START SOURCE MATERIAL
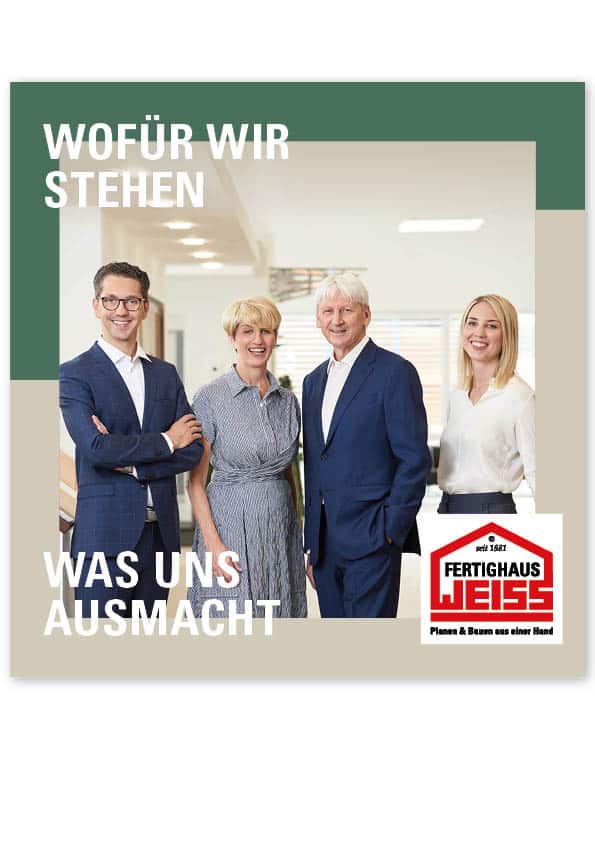 Wofür wir stehen, was uns ausmacht von Fertighaus WEISS
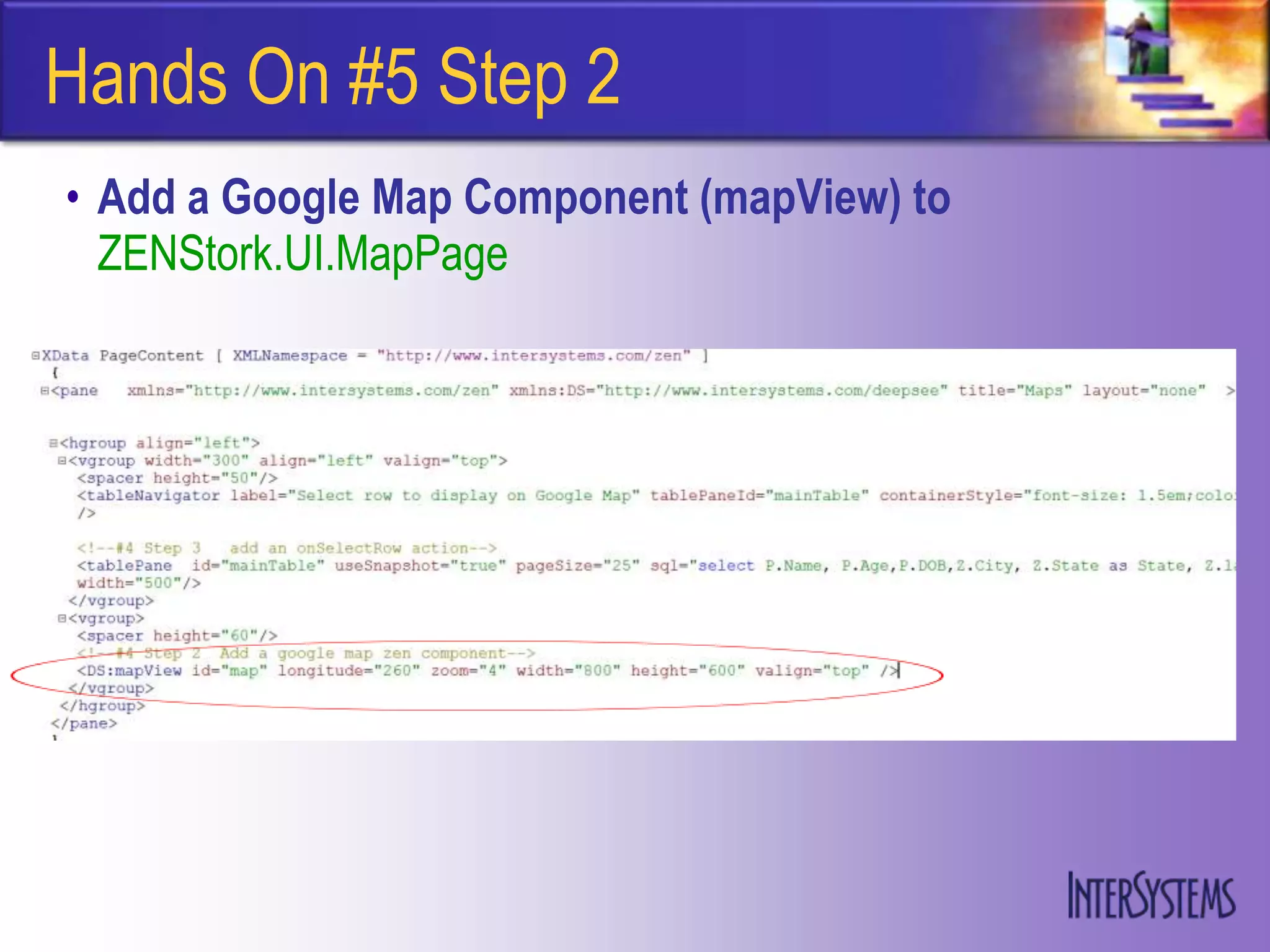 Hands On #5 Step 2
• Add a Google Map Component (mapView) to
  ZENStork.UI.MapPage
 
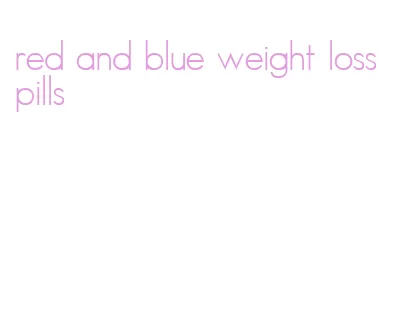 red and blue weight loss pills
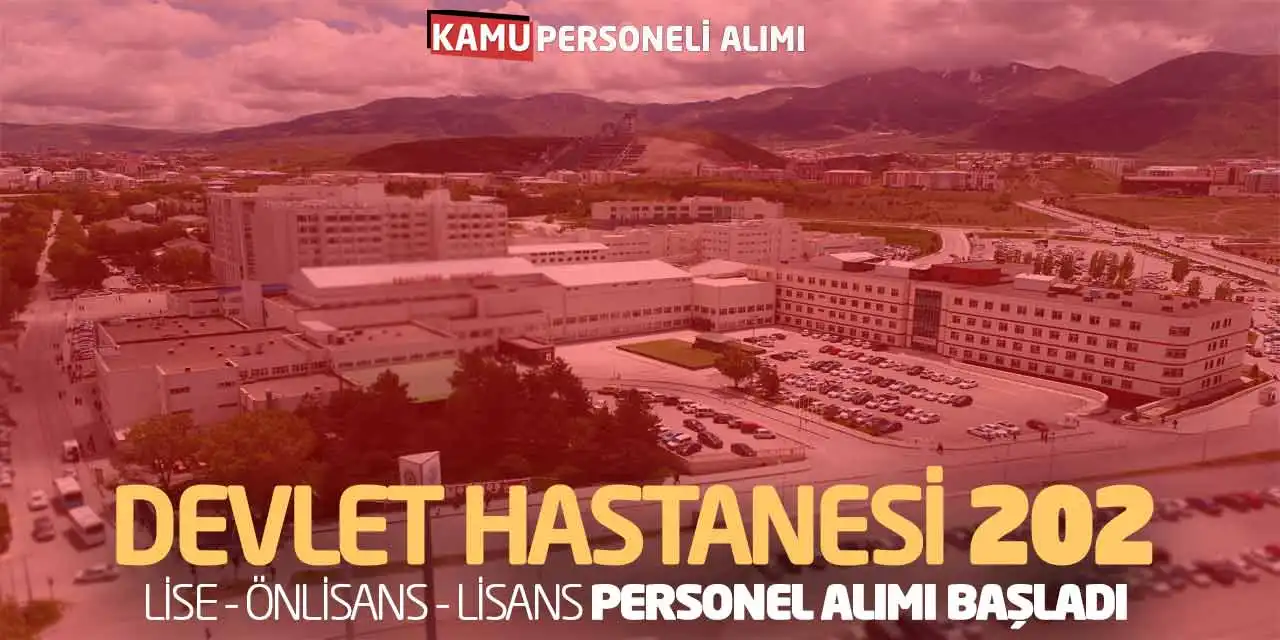 Devlet Hastanesi 202 Lise Önlisans Lisans Personel Alımı Başladı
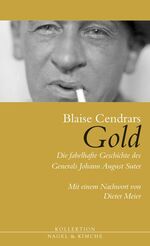 ISBN 9783312004867: Gold: Die fabelhafte Geschichte des Generals Johann August Suter: Die fabelhafte Geschichte des Generals Johann August Suter. Mit einem Nachwort von Dieter Meier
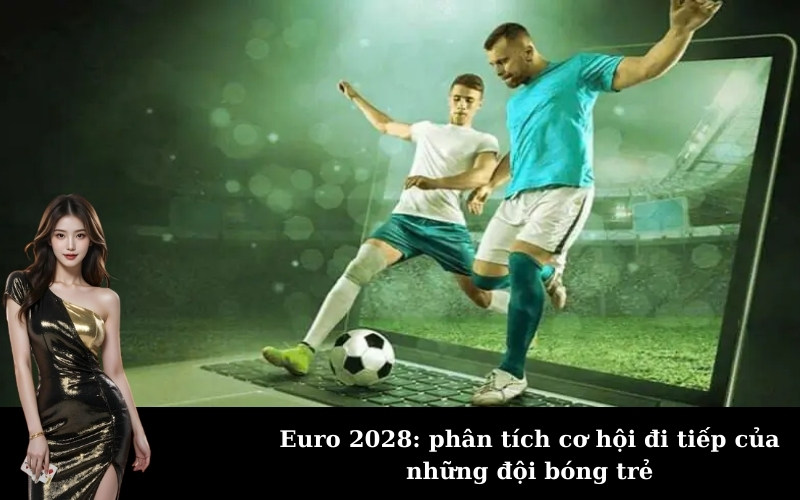 Euro 2028: phân tích cơ hội đi tiếp của những đội bóng trẻ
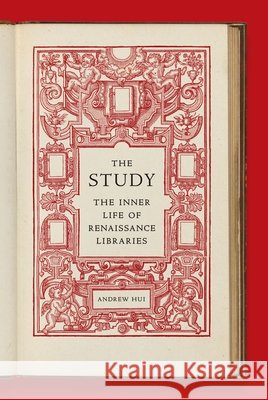 The Study: The Inner Life of Renaissance Libraries  9780691243344 Princeton University Press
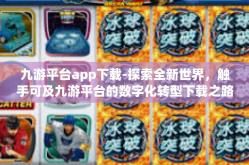 九游平台app下载-探索全新世界，触手可及九游平台的数字化转型下载之路-九游平台app下载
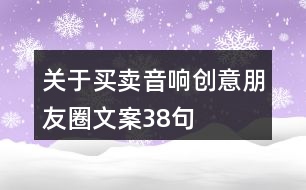 關(guān)于買(mǎi)賣(mài)音響創(chuàng)意朋友圈文案38句
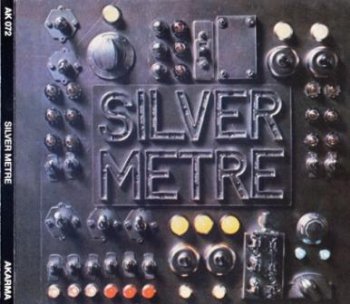 Silver Metre - Silver Metre 1970 (Akarma Rec. 1999)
END SOURCE MATERIAL
§ **PROBLEM DETAILS**: Nothing should appear in the reply except the lines from the start of the listing above through the line with "Devlet Hastanesi 202", repeated exactly and free of pictures.

§ **PROBLEM SOLUTION**:
 Wofür wir stehen, was uns ausmacht von Fertighaus WEISS
 Hands On #5 Step 2
• Add a Google Map Component (mapView) to
  ZENStork.UI.MapPage
 
 red and blue weight loss pills
 Devlet Hastanesi 202 Lise Önlisans Lisans Personel Alımı Başladı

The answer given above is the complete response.